For most films seeking a mass audience, the best we can hope for is that they leave some time for reflection amid the whizzes and bangs, the laugh lines and shock cuts. Catalan director Carla Simón’s Summer 1993 is all reflection, a childhood memory film as vividly realized as Carlos Saura’s Cria Cuervos!, but with a style and circumspection that are all Simón’s own.
This clear-eyed debut feature, a lovely amble about change, family and mourning, won’t secure that mass audience, even if its themes will resonate with anyone who has ever felt displaced. Straddling the nexus of approachable and radical, simple and complex, Summer 1993 moves not with the plot-driven momentum of traditional narrative features but with the unhurried tempo of its titular season. I never thought I’d say this, but by all means, watch it on a tablet while lounging on a hammock on a lazy Sunday.

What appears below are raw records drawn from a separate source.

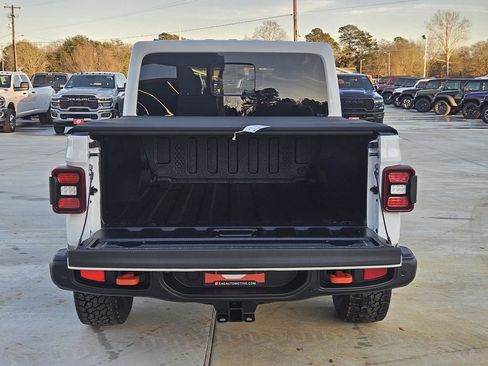 New 2026 Jeep Gladiator Mojave AWD/4WD image 38
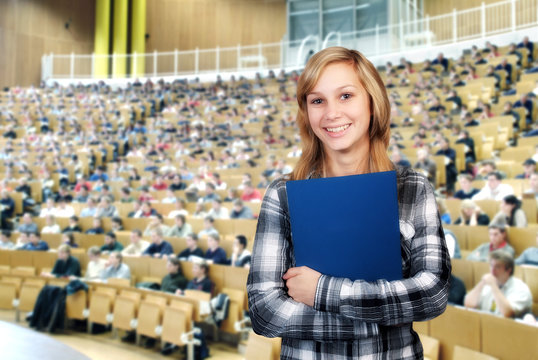 Studentin im H&ouml;rsaal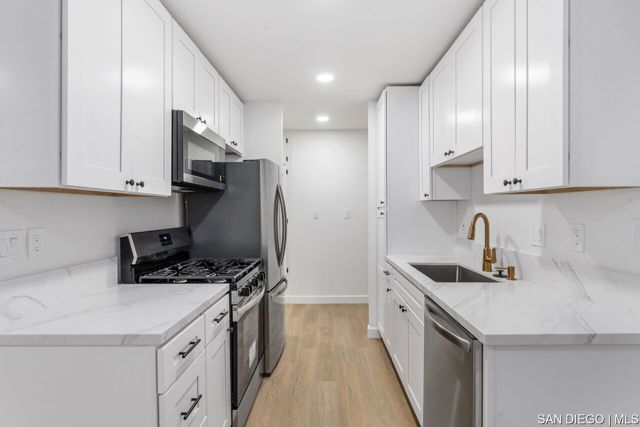 4855 Cole ST, San Diego CA: https://media.crmls.org/mediaz/250bcfa7-fba8-4af5-85c9-5dc39349bbb1.jpg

We first meet Frida (Laia Artigas), a child of no more than 8, watching with trademark ambivalence as her extended family members pack away her belongings in boxes. It’s a time of fireworks and revelry in Barcelona, but Frida has little to celebrate: Her mother has just died, a victim of Spain’s epidemic of drug-related AIDS. Thanks to a stipulation in her mother’s will, Frida is soon to be spirited away to the Catalan countryside to live with her aunt and uncle, Marga and Esteve (Bruna Cusi and David Verdaguer), who have a young child of their own, Anna (Paula Robles).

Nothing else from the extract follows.